◆ Records provided ◆
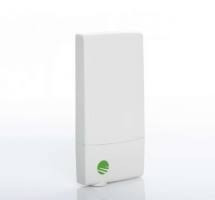 Siklu V-Band (60GHz) PTMP cTU (Terminal Unit / CPE), 90 Degrees beamforming, 1000Mbps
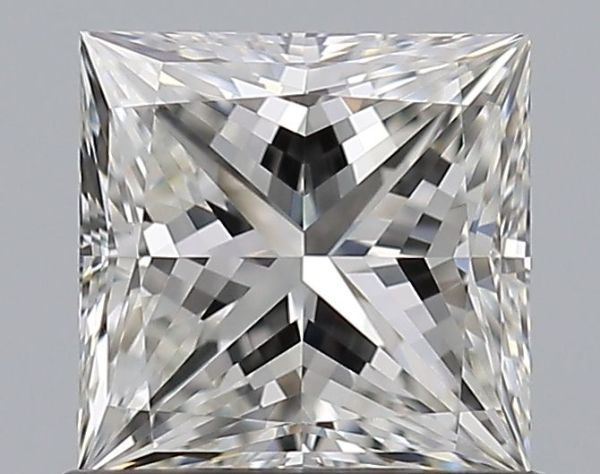 Princess Diamond image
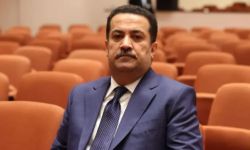 مجلس النواب يستضيف السوداني غداً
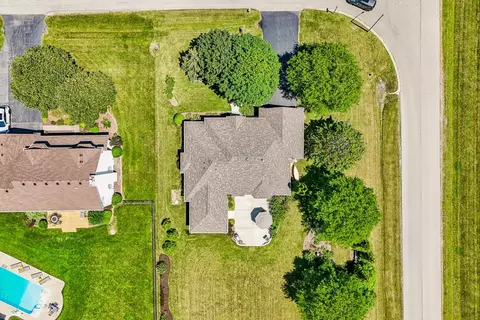 View/Area - 5715 Saddle Rdg, Johnsburg, IL 60051 photo 6 of 6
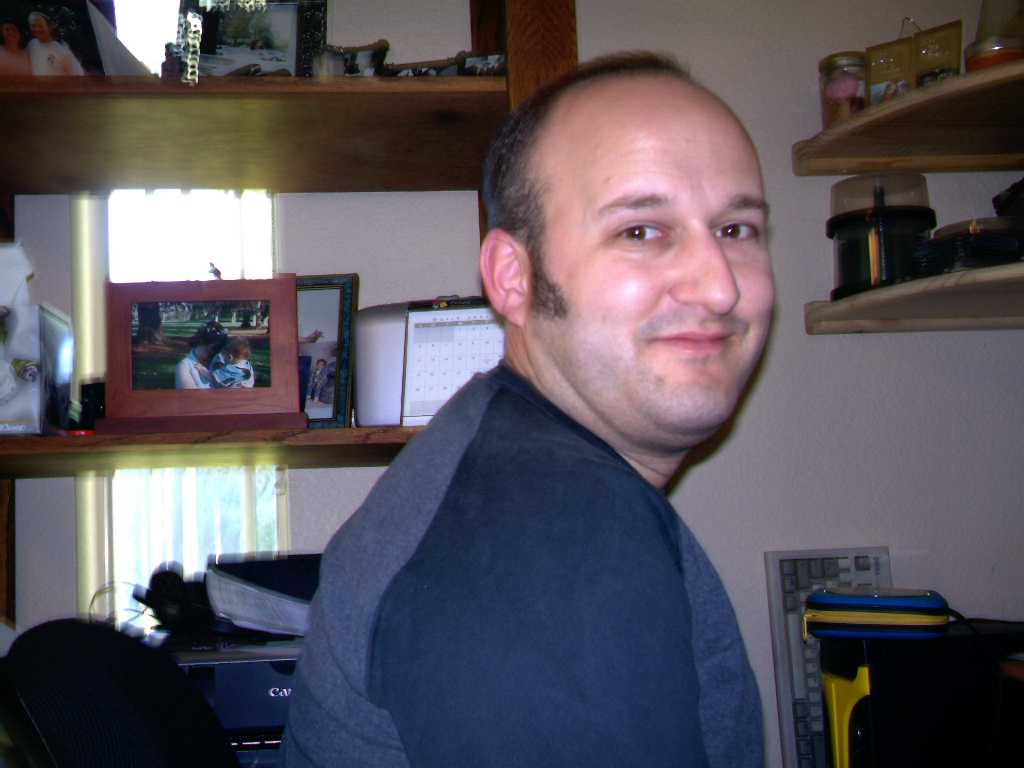 IMAG0001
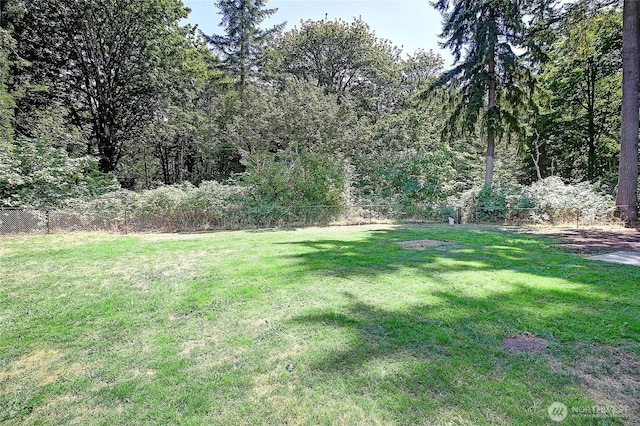 2005 252nd St NW, Stanwood, WA 98292 - photo 25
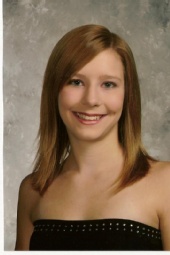 Katie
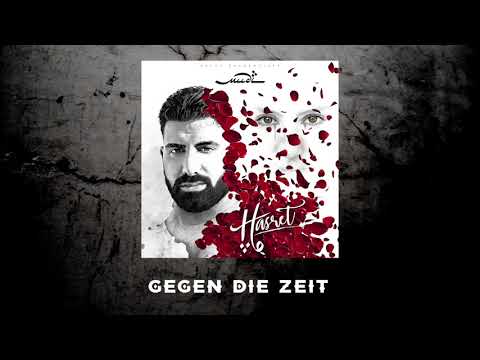 MUDI - Gegen die Zeit (Audio)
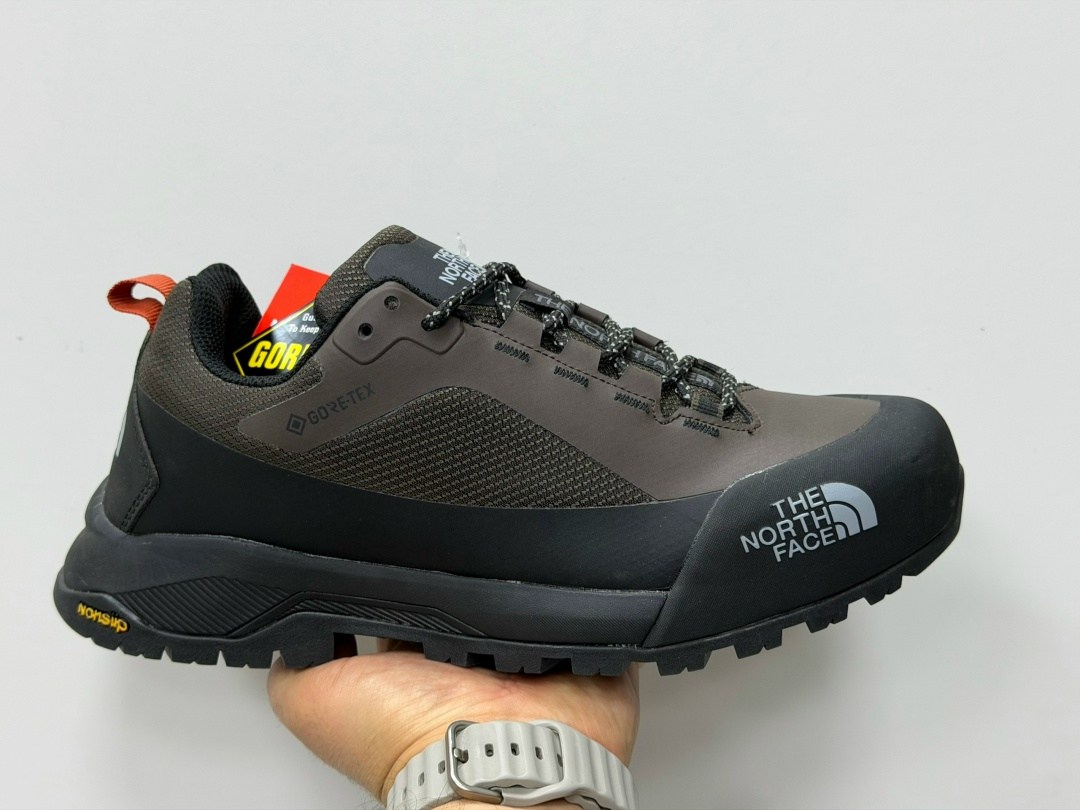 мужские ботинки the north face verto alpine gore-tex,кроссовки verto alpine gore-tex the north face,кроссовки the north face,men’s offtrail hike gore-tex ® shoes the north face,ботинки the north face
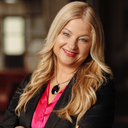 Baronin Kathleen Riedesel zu Eisenbach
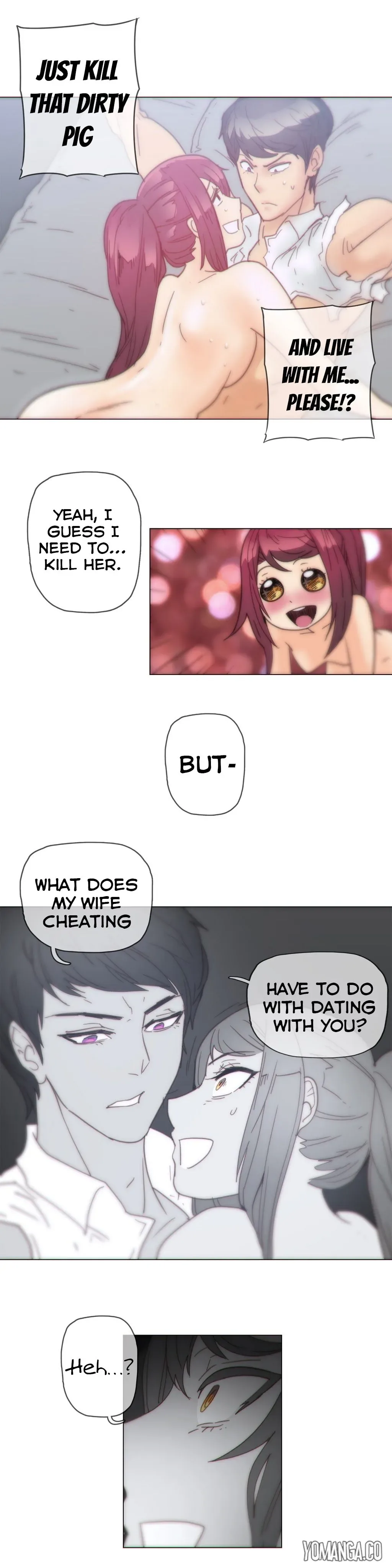 Chapter 36 — Page 14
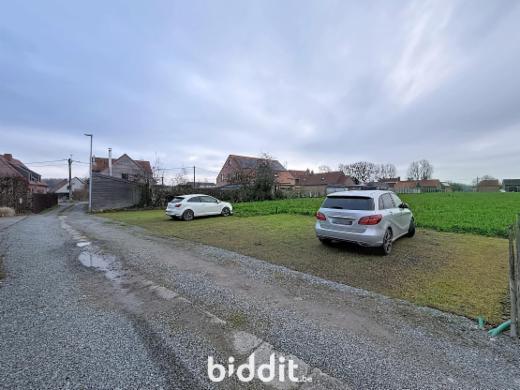 Seconde photo alternative du bien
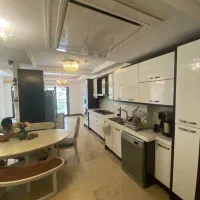 زعفرانیه ۱۸۰متر تکواحدی
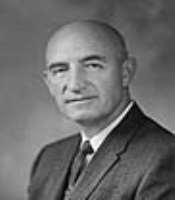 Alan Simpson Father Milward Simpson Alan Simpson Father Milward Simpson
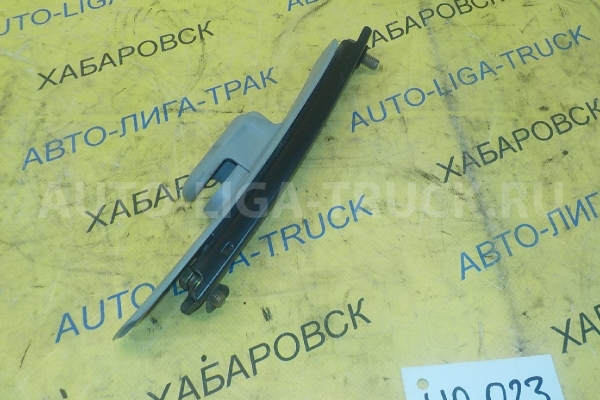 Регулятор Ремня безопасности Honda CRV RD1 Ремень безопасностии    81460-SL4-J02ZJ
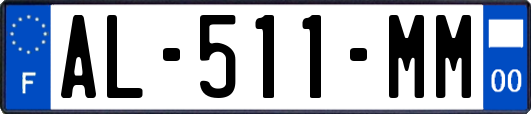 AL-511-MM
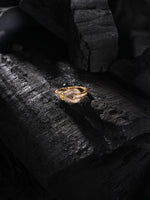 EverGleam Ring Gold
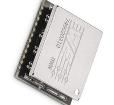 749023310 Pulse Transformers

◆ Task ◆
With the pictures omitted, copy the entries above exactly from the line containing "2005 252nd St" through the line containing "Seconde photo alternative du bien", both lines included.

◆ Exercise output ◆
 2005 252nd St NW, Stanwood, WA 98292 - photo 25
 Katie
 MUDI - Gegen die Zeit (Audio)
 мужские ботинки the north face verto alpine gore-tex,кроссовки verto alpine gore-tex the north face,кроссовки the north face,men’s offtrail hike gore-tex ® shoes the north face,ботинки the north face
 Baronin Kathleen Riedesel zu Eisenbach
 Chapter 36 — Page 14
 Seconde photo alternative du bien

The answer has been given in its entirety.